Perajin arang batok di Jalan Anggrek RT 04/RW 02, Kelurahan Lubang Buaya, Kecamatan Cipayung, Jakarta Timur, mengeluhkan besaran uang kompensasi yang diberikan pemerintah kota setelah usaha mereka ditutup sementara untuk menekan polusi udara.
 
Salah satu perajin arang batok Andi Lukman (52) mengaku uang kompensasi penutupan sementara yang diberikan Pemkot Jakarta Timur (Sudin Lingkungan Hidup) tidak sebanding dengan pendapatannya selama satu pekan.
 
"Biasanya dalam satu pekan, pendapatannya dari hasil kerajinan arang batok bisa mencapai Rp8 juta per pekan.
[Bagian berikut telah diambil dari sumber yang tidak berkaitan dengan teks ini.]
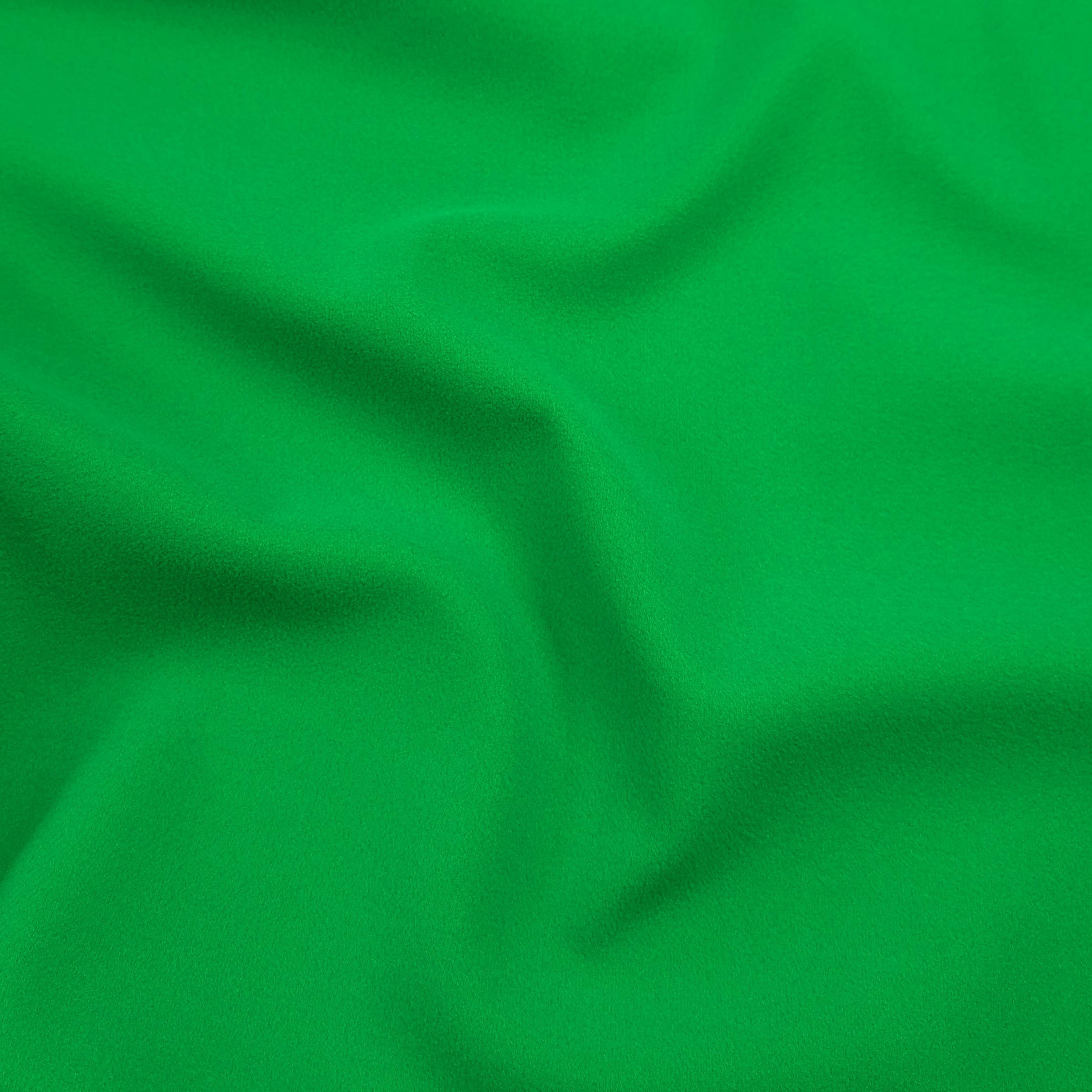 Cappotto Tinta Unita Verde Prato Image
Namun, uang kompensasi yang diberikan oleh Pemkot Jaktim hanya sebesar Rp4,2 juta," kata Andi dikutip Antara.
 
Di kawasan Lubang Buaya itu, kata dia, terdapat delapan lapak perajin arang batok kelapa yang semuanya itu harus ditutup sementara karena dianggap berdampak terhadap polusi udara.
 
Salah satu karyawan perajin arang batok Dian Ardian mengaku pemilik kerajinan arang batok terpaksa meliburkan 12 orang karyawannya karena dampak dari penutupan sementara usahanya tersebut.
 
Saat ini, lanjut dia, pihaknya hanya bisa menunggu waktu untuk kembali dapat beroperasi sesuai batas waktu peraturan Pemkot Jakarta Timur pada Kamis (30/8).
 
Sebelumnya, Pemeritah Kota Jakarta Timur menutup sementara pabrik arang batok kelapa pada Kamis (24/8/2023), sebagai upaya menjaga kualitas udara.
 
"Kami menindaklanjuti aduan warga lewat aplikasi Cepat Respons Masyarakat (CRM) terkait pencemaran udara di wilayah Jakarta Timur. Lokasi pencemaran udara berasal dari pabrik arang rumahan," kata Kepala Suku Dinas Lingkungan Hidup (Sudin LH) Jakarta Timur Eko Gumelar saat penutupan pabrik itu, Kamis.
 
Sebanyak 24 petugas gabungan dari Sudin LH Jaktim, kelurahan, Satpol-PP, Satgas Penindakan Hukum Pencemaran Udara Kementerian Lingkungan Hidup dan Kehutanan dikerahkan untuk penutupan pabrik arang tersebut.
 
Menurut Eko kegiatan pembakaran arang itu mencemarkan lingkungan warga sekitar dengan adanya asap.
 
"Dengan adanya pencemaran udara, kami langsung melakukan pengecekan di seluruh wilayah Jakarta Timur dan Kasatpel LH Jakarta Timur untuk mencari adanya informasi pencemaran udara itu, seperti pembakaran sampah ilegal dan sebagainya. Kami langsung memasang spanduk dan menyetop kegiatan pembakaran arang tersebut," kata Eko.
 
Dia meminta agar pemilik arang batok kelapa untuk menghentikan kegiatan tersebut yang sudah dilakukan selama ini.
 
"Jika masih melakukan hal yang sama akan dikenakan sanksi penjara maksimal 10 tahun atau denda maksimal Rp5 miliar sesuai dengan Undang-undang Nomor 18 tahun 2008 dari Kementerian Lingkungan Hidup tentang pengelolaan sampah," papar Eko.